This no dough potato pizza is an easy, quick and beautiful one pot meal. Thinly sliced potato slivers serve as the base and spicy cilantro chutney, instead of the traditional tomato sauce, gives the pizza a twist. If you don't feel up to making the cilantro chutney, buy it from a Indian grocery store or replace with store-bought pesto. But if you do make this chutney at home, believe me, you'll be a very happy person. —Annada Rathi
Blend the ingredients into a smooth paste. Add a tbsp of water, if needed, to facilitate blending.
Store this chutney in a clean, dry glass bottle. It lasts for 2-3 weeks in the refrigerator.
This chutney is super versatile.
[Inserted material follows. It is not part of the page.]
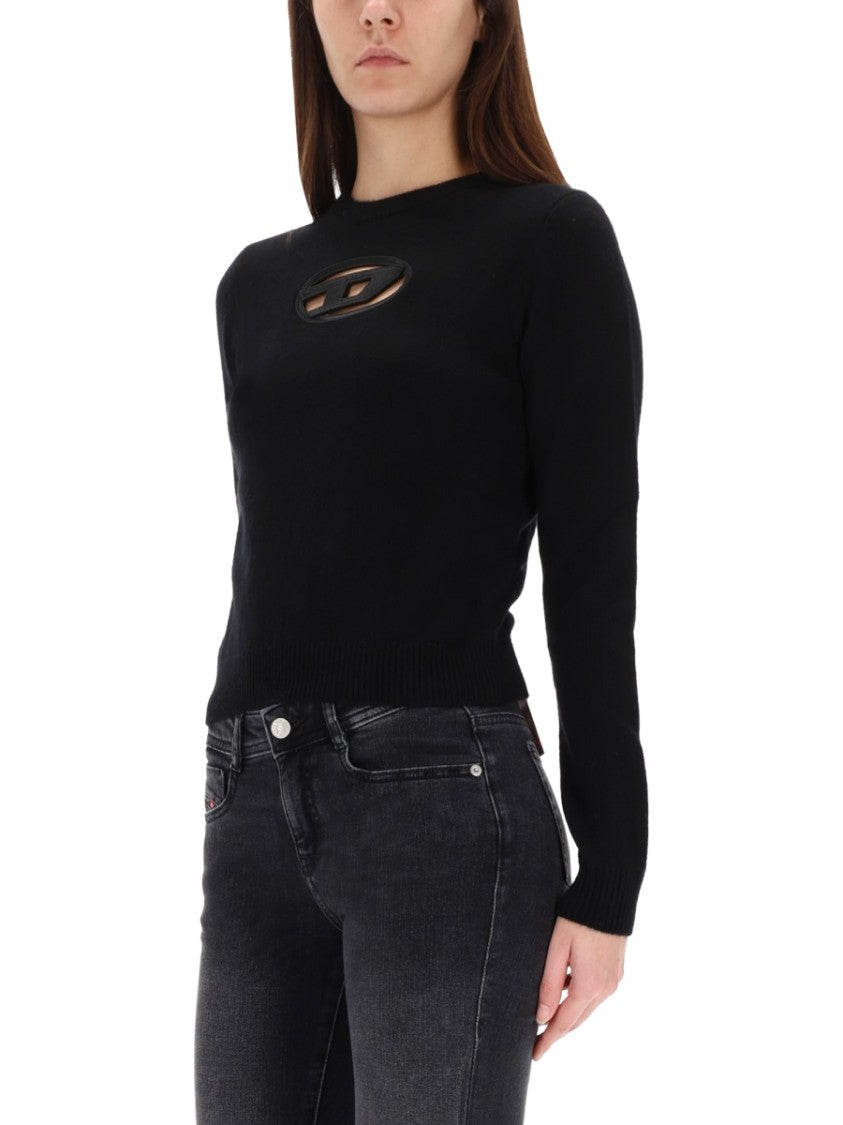 Diesel M-Areesa Slim Cut-Out Sweater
Spread it on a sandwich or wrap, throw a dash on crackers and cheese, marinate vegetables, tofu in it (thinned out with some water or orange juice) and grill, add a dollop to soup or stew, spread a layer on homemade pizza. Possibilities are endless!
Wash russet potato clean. Slice into thin, round pieces with a mandolin or box grater.
Dress the arugula with 1 tsp olive oil and salt, pepper as per taste. Set aside.
Take a nonstick 9" skillet with a lid. Cover the bottom of this skillet with 2 tsp olive oil and a few sprays of PAM.
Arrange potato slices in two layers in such a way that you cover the bottom.
Sprinkle parmesan cheese to cover the potato layers. Cover with lid, turn the heat to medium and let cook for 5-8 minutes to give it a brown edge. Remove the lid and cook for 3-5 minutes to dry out.
Turn the heat off. Spread cilantro chutney on the potato slices.
Layer with tomato slices followed by mozzarella slices. Dress with salt and pepper.
Cover with lid and turn the heat to medium for about 7-8 minutes or until mozzarella melts.
Turn the heat off and slide the pizza onto a cutting board.
Spread arugula on the pizza. Leave alone for 2-3 minutes.